We performed sequencing analyses on a subset of the UNC breast tumors analyzed by microarray for EGFR mutations
The ratio of the rate of non synonymous to synonymous change, dNdS, for a gene provides one measure to detect such selection pressure. following website We compared the dNdS for GWAS and drug target genes using human mouse and human chimp data from H invDB and found both are under stronger selection than all genes. We found HGMD genes also exhibit nega tive Enzastaurin CAS selection in recent history. The selection against variants in drug target genes is slightly stronger than that against variants in GWAS reported genes for dNdS calculated using human chimp orthologs, suggesting the selleckchem PKC inhibitor selection is stronger for drug targets in recent history. These three fea tures capture the enrichment information from the ana lysis above, but there are some subtle relationships not included. The problem of identifying drug targets based on their relationship to GWAS genes is similar to the problem of finding missing relationships in social net work analysis. We therefore also use common friends with GWAS genes, a widely used feature in the social network machine learning field. The common neighbor feature is defined as the proportion of neigh bors shared by two genes In which NA is the set of Neighbors for gene A, NB is the set of Neighbors for gene B. The total number of features for each gene is 3N, where N is the number of GWAS genes for that disease that are mapped to the protein network. Since the num ber of drug targets for a disease is very small compared to the total number of genes in the FI network, the training set is highly unbalanced if we use the latter as the true negative set.

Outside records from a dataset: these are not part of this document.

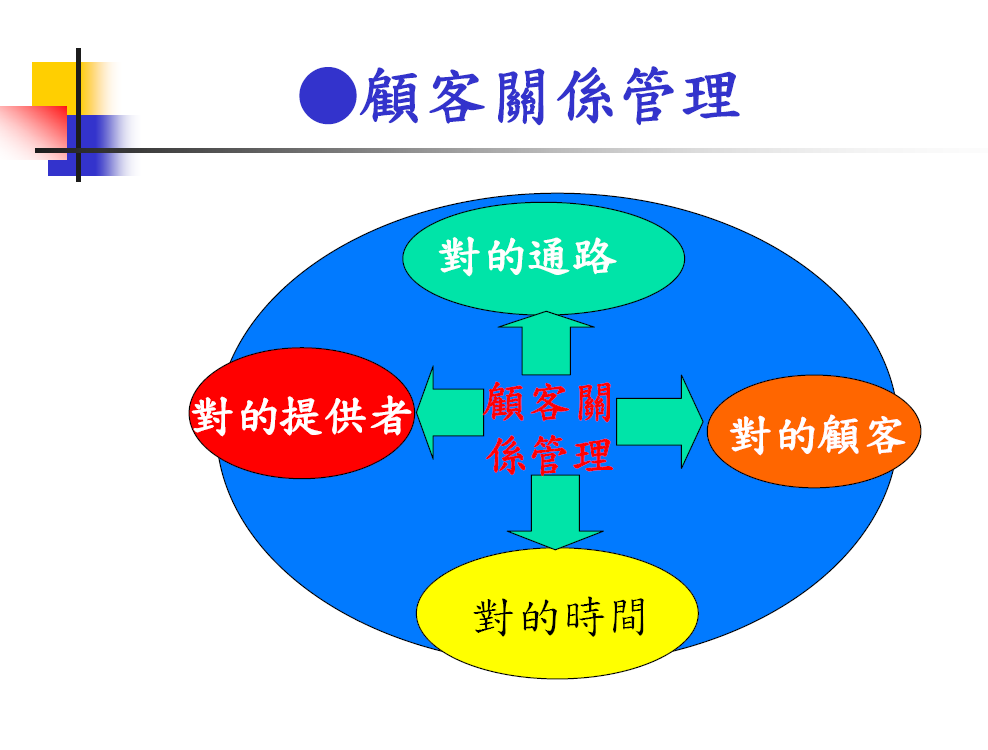 6月份-顧客關係管理之架構(图2)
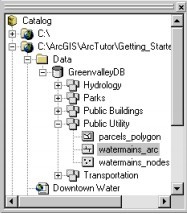 ArcGIS教程,ArcMap添加图层、要素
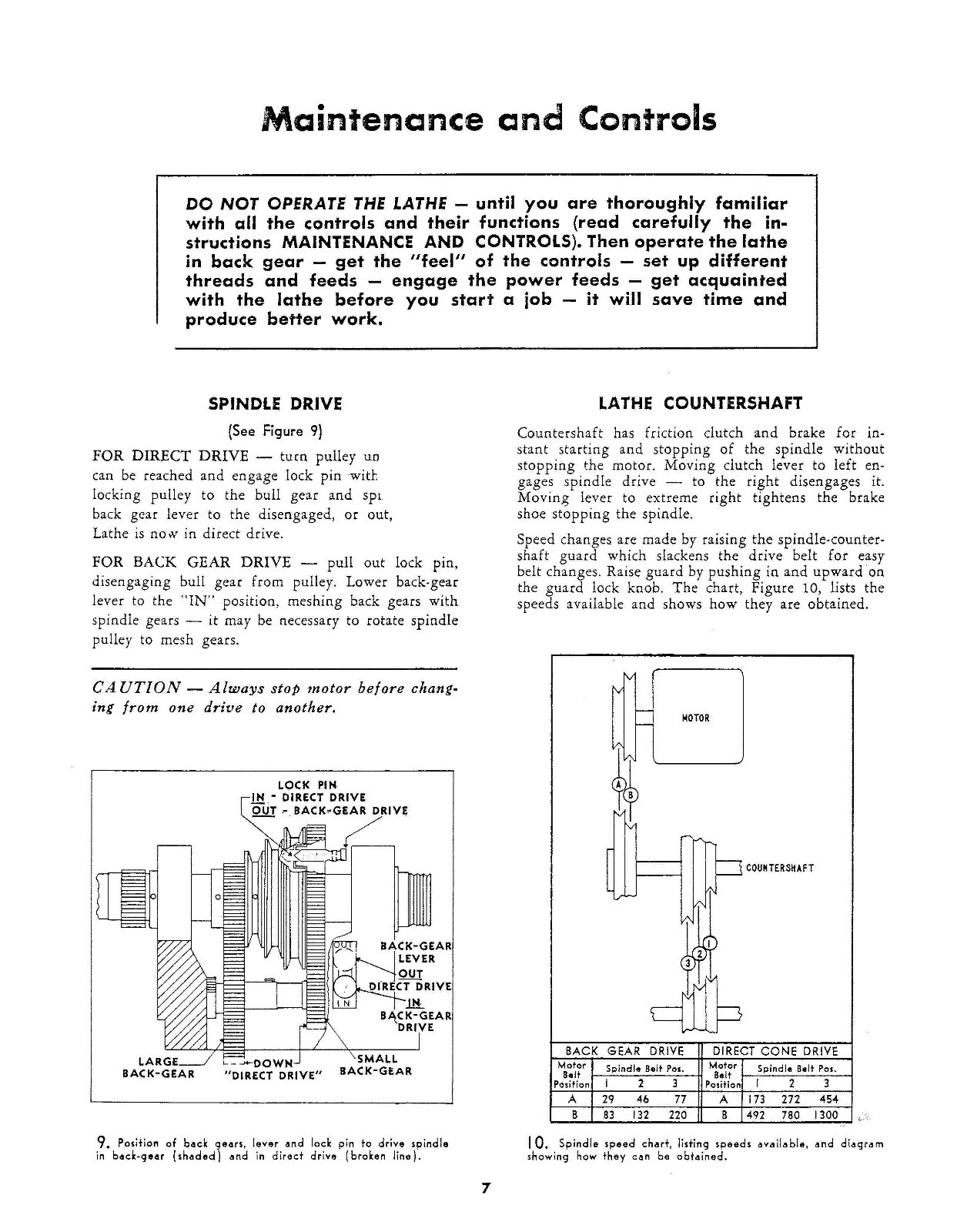 Clausing 5300 Series 12″ Lathe Operating Instructions & Parts Manual *832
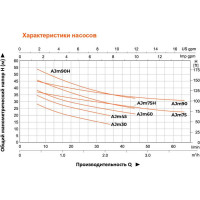 Самовсасывающий струйный насос LEO Ajm 45 1109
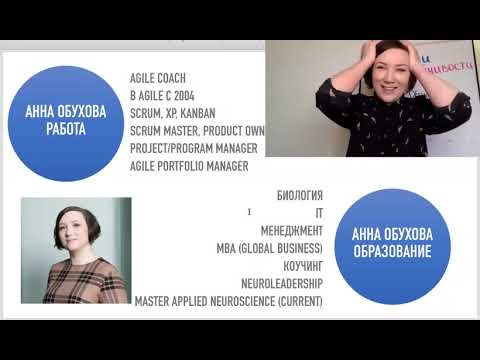 Видео: Анна Обухова. Стратегии стрессоустойчивости. Вебинар 10 апреля 2020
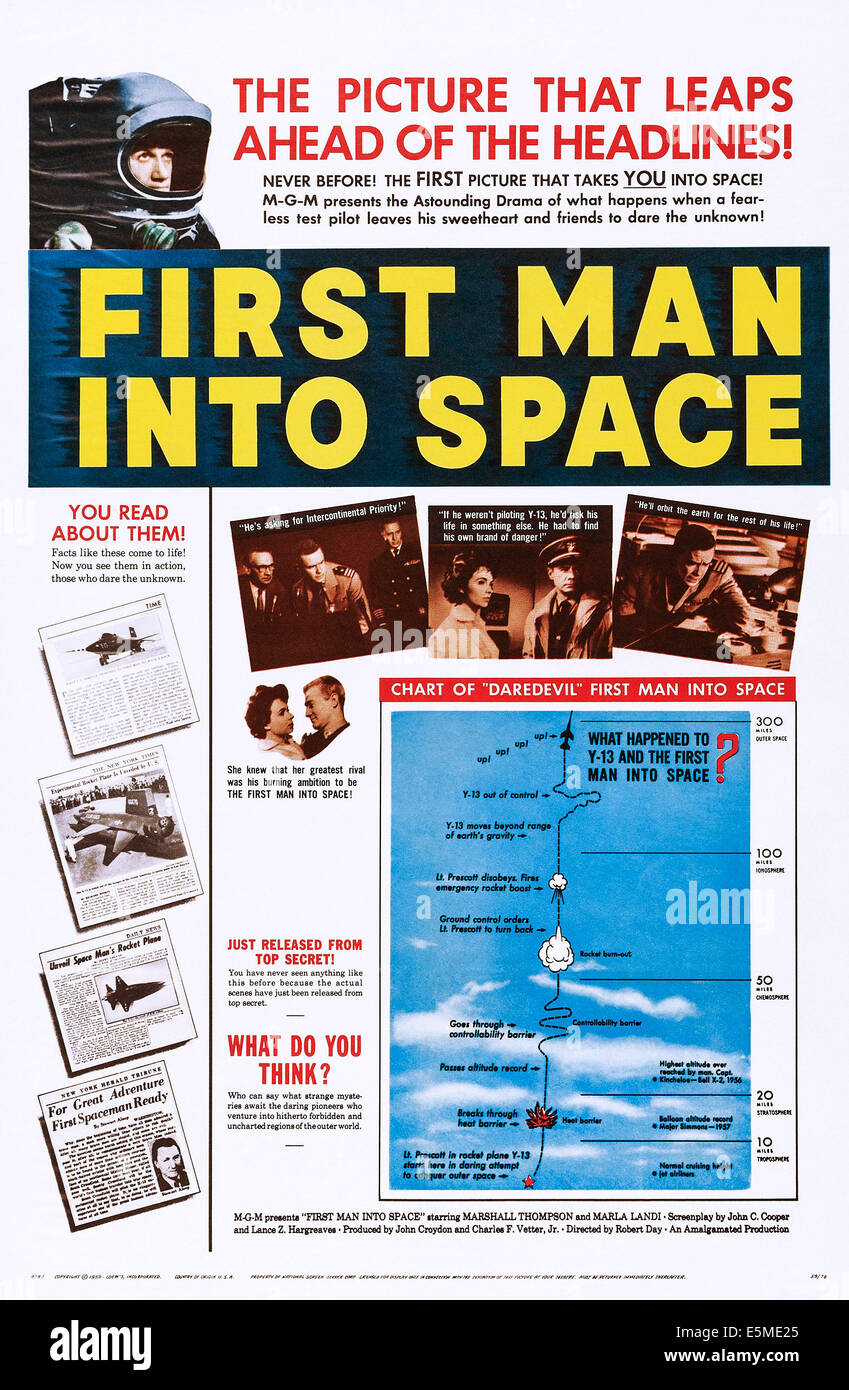 El primer hombre en el espacio, parte superior Bill Edwards, inferior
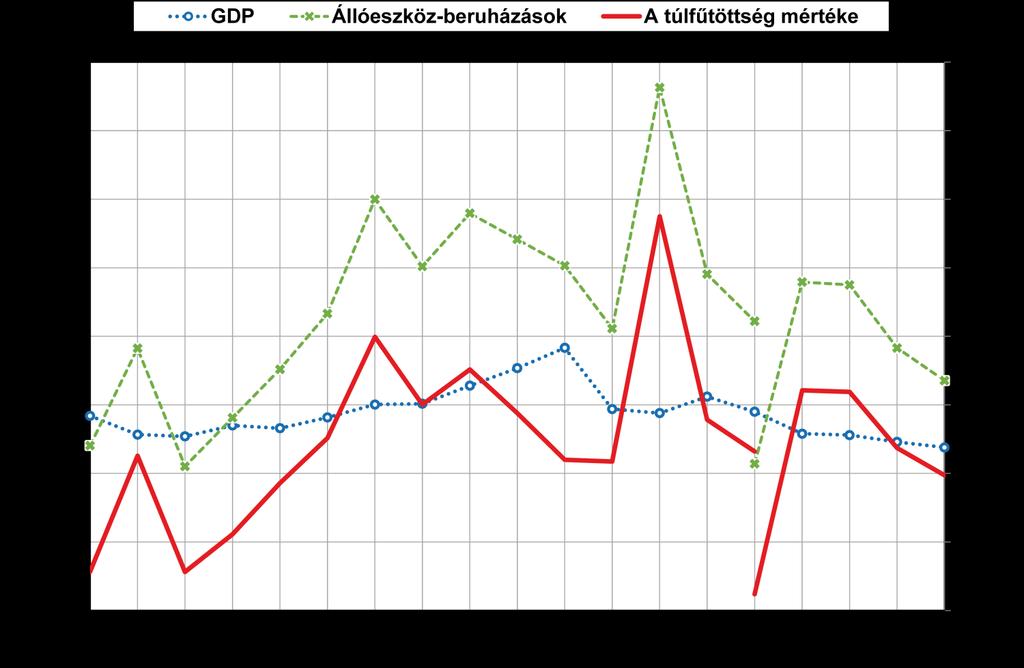 Túlberuházás a politikailag monopolizált hálóban: a pártállami dinamika sajátossága
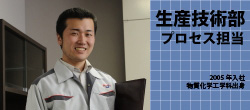 生産技術課
プロセス担当
2005年入社
物質化学工学科出身
小野喜章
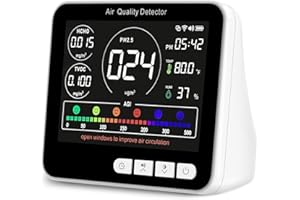 BIBIRE 14 in 1 Air Quality Monitor Indoor with Beep Alarm, 6 AQI Air Quality Detector with PM1.0|PM2.5|PM10|HCHO|TVOC|AQI|Temperature|Humidity|Time for Home, Hotel, Office, Car, Battery Powered Air Monitor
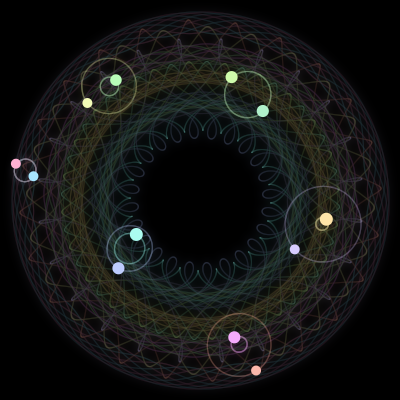 Paths of #2748_12, a 12-body orbit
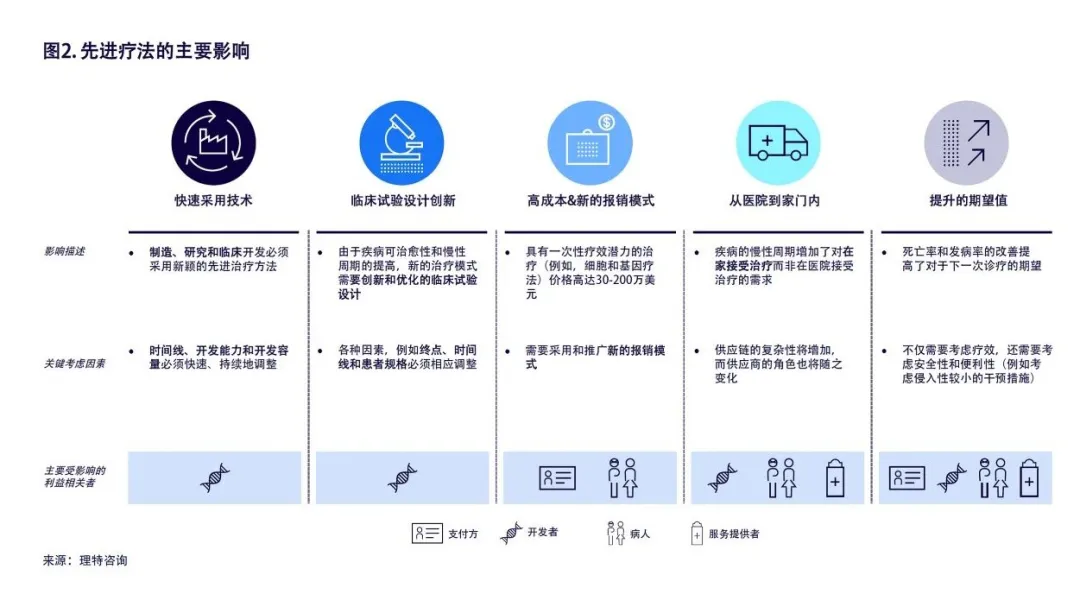 生命科學(xué)的未來(lái)(圖2)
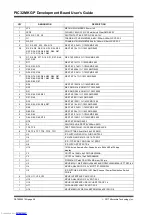 Preview for 28 page of Microchip Technology PIC32MK User Manual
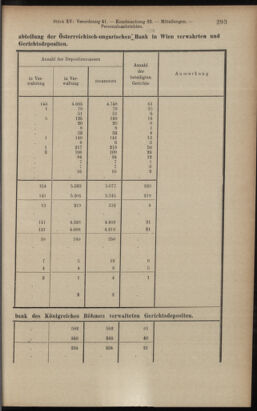 Verordnungsblatt des K.K. Justizministeriums 19120810 Seite: 11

To address this issue, we focus on the 932 existing drug targets in Drug bank that are also in the FI network, and thus restrict the task to identifying targets for existing drugs that can potentially be repurposed to treat other diseases. Repur posing is an attractive goal, since such use is much easier than developing a new drug from scratch. We include the 30 diseases with at least 10 approved drug targets and 10 GWAS genes in the FI network. We tested four machine learning methods using the WEKA software package a SVM with a polynomial kernel, a SVM with a RBF kernel, a Na ve Bayes Network, and Random Forests. Among these the best result is achieved by a Random forest. The best case is Kawasaki disease, with a true positive rate of 70% and a false positive rate of 2. 7%. Potential new drug targets for drug repurposing The false positive drug targets are drug targets for other diseases which have very similar network proper ties to those of the disease under study. These may indeed be mistakes made by the classifier. However, some of these false positive drug targets may be good candidates for repurposing, not previously identified. For example, C1QB and C1QC are the highest scoring proteins in the false positive list for the best case, Kawa saki disease, These are subcomponents of complement C1Q.